>>>
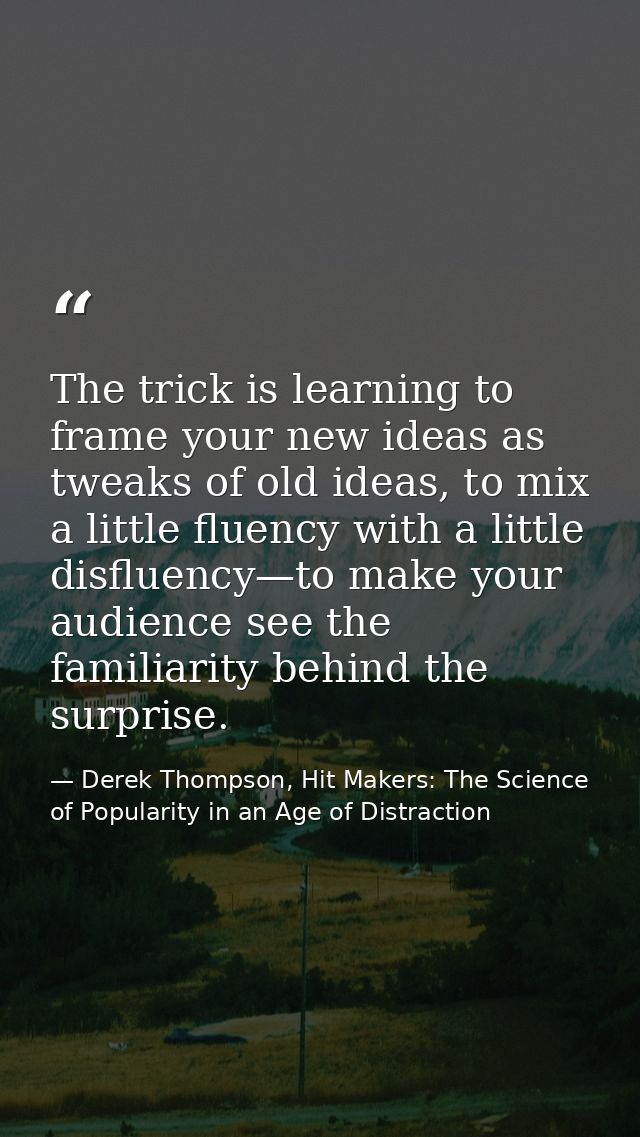 The trick is learning to frame your new ideas as tweaks of old ideas, to mix a little fluency with a little disfluency—t — Derek Thompson, Hit Makers: The Science of Popularity in an Age of Distraction
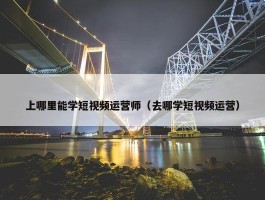 上哪里能学短视频运营师（去哪学短视频运营）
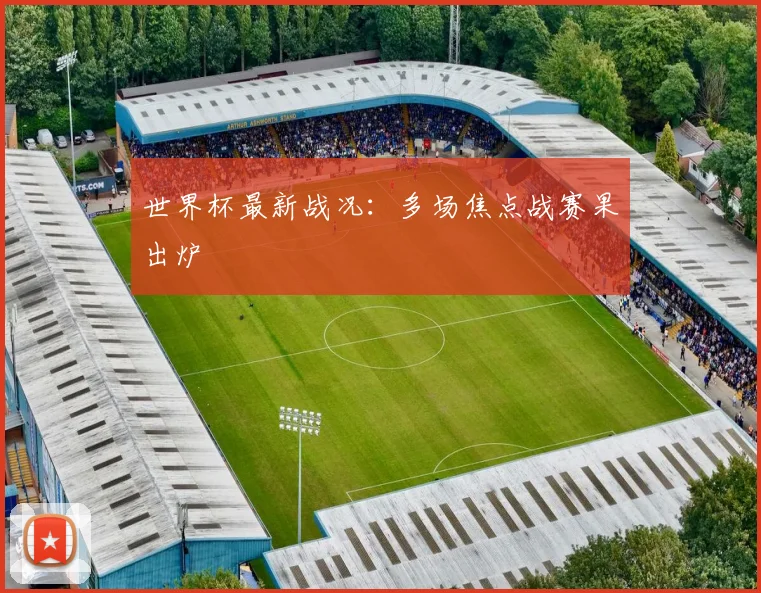 世界杯最新战况:多场焦点战赛果出炉
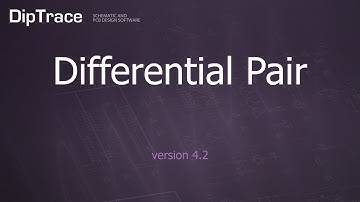 Differential Pair. DipTrace Feature Review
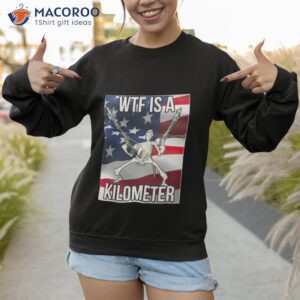 Skeleton Wtf Is A Kilometer 4th Of July Shirt 2 skeleton wtf is a kilometer 4th of july shirt sweatshirt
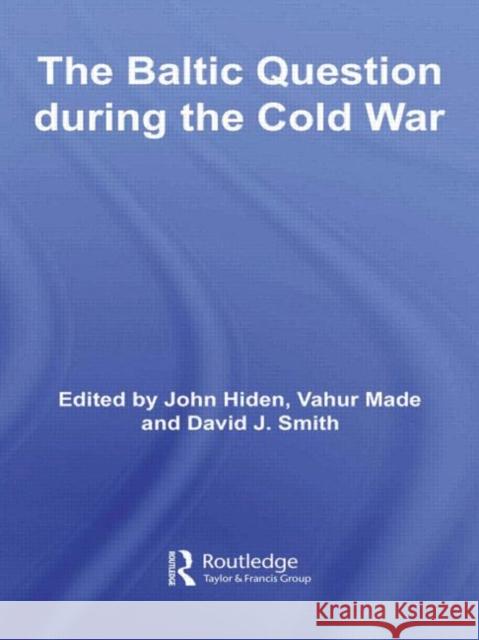 The Baltic Question During the Cold War Hiden, John 9780415569347 Routledge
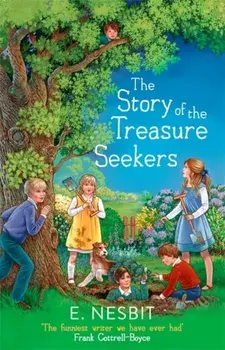 Story of the Treasure Seekers, Paperback/E. Nesbit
<<<
● WHAT YOU HAVE TO DO: Output the data verbatim, images excluded.

● EXERCISE OUTPUT:
 The trick is learning to frame your new ideas as tweaks of old ideas, to mix a little fluency with a little disfluency—t — Derek Thompson, Hit Makers: The Science of Popularity in an Age of Distraction
 上哪里能学短视频运营师（去哪学短视频运营）
 世界杯最新战况:多场焦点战赛果出炉
 Differential Pair. DipTrace Feature Review
 Skeleton Wtf Is A Kilometer 4th Of July Shirt 2 skeleton wtf is a kilometer 4th of july shirt sweatshirt
 The Baltic Question During the Cold War Hiden, John 9780415569347 Routledge
 Story of the Treasure Seekers, Paperback/E. Nesbit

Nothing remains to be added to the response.